### Your goal
Print exactly the lines from the one that contains "Image of Tamil boy for ultimate fun❤️" through the final line of the entries below, both included, and nothing else; omit the pictures.

### Supplied records
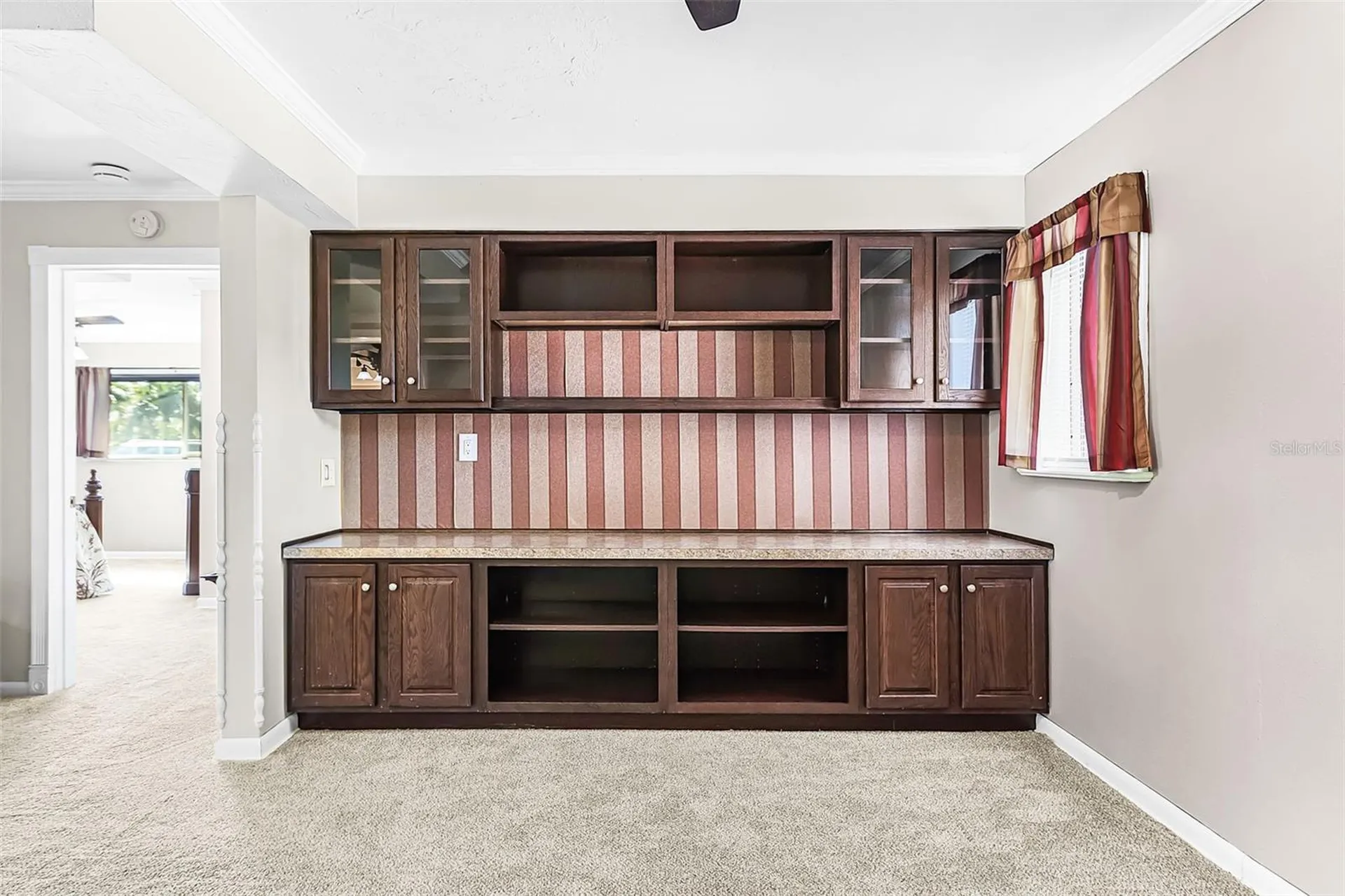 4920 Viceroy Street Cape Coral FL 33904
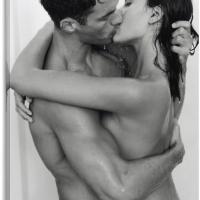 Image of Tamil boy for ultimate fun❤️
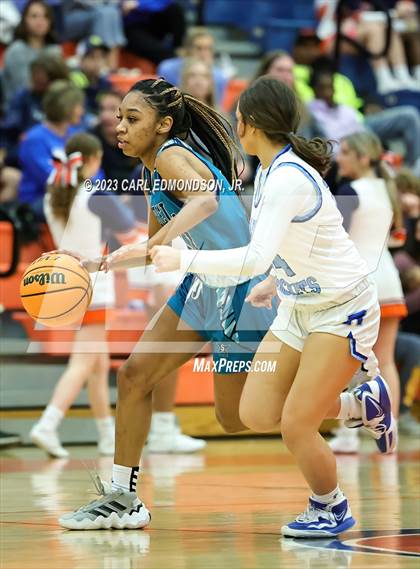 Thumbnail 1 in Rockvale vs. Siegel photogallery.
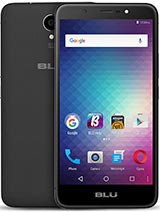 Best available price of BLU Energy X Plus 2 in Sierraleone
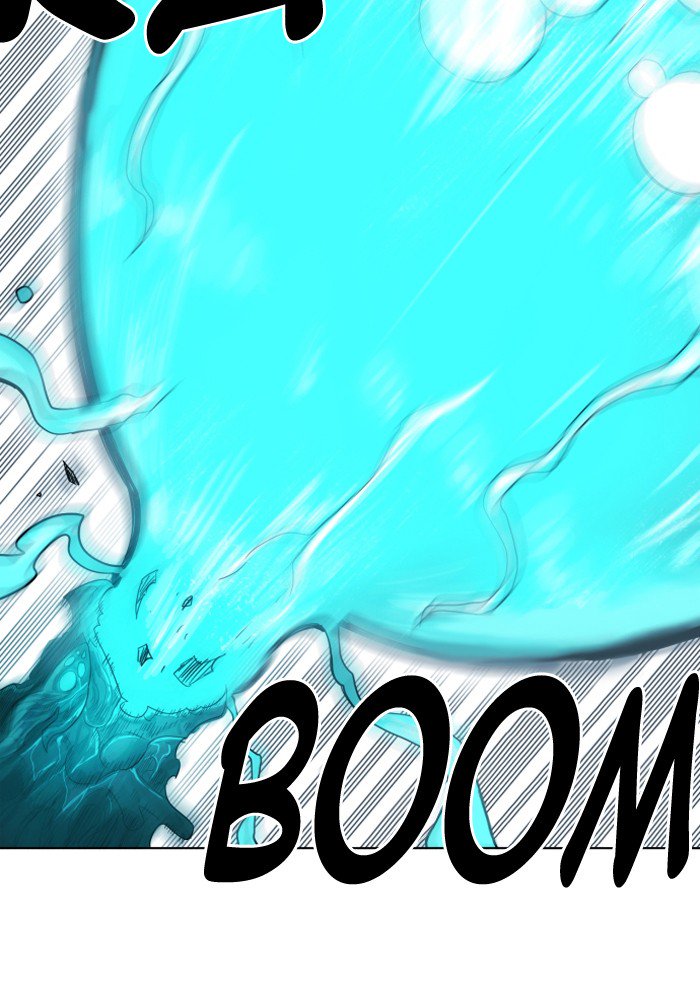 Hardcore Leveling Warrior chapter 185 page 29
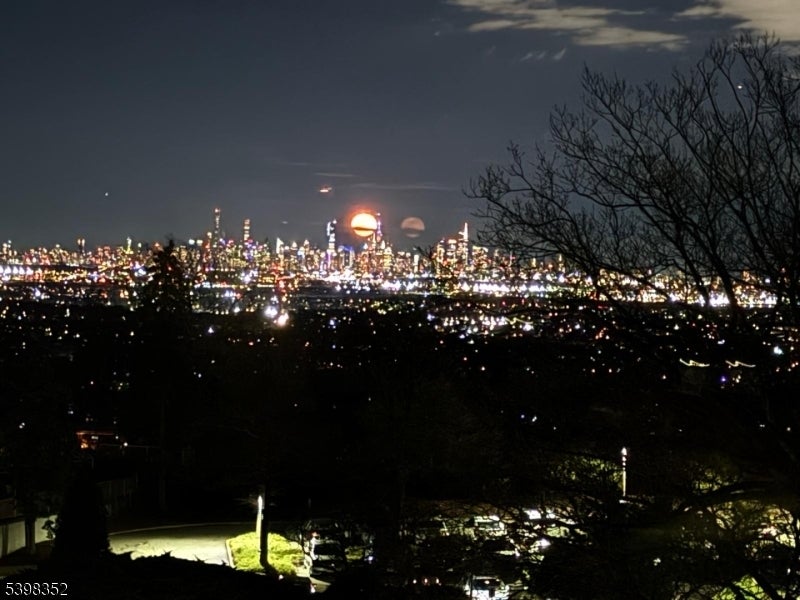 Photo of Listing #3998887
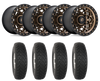 main_image_20260523002058.png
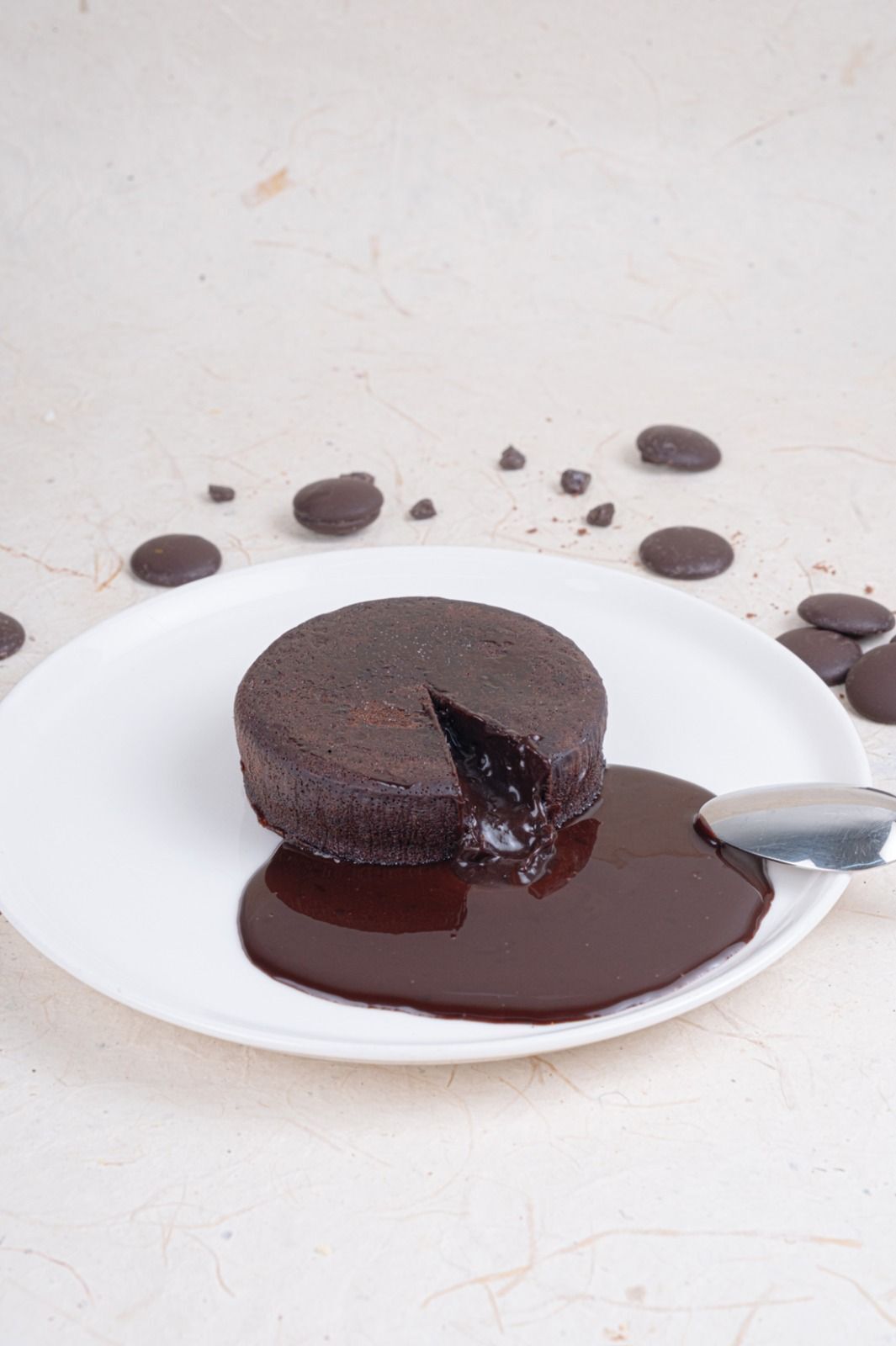 Sufle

### Response to this task
 Image of Tamil boy for ultimate fun❤️
 Thumbnail 1 in Rockvale vs. Siegel photogallery.
 Best available price of BLU Energy X Plus 2 in Sierraleone
 Hardcore Leveling Warrior chapter 185 page 29
 Photo of Listing #3998887
 main_image_20260523002058.png
 Sufle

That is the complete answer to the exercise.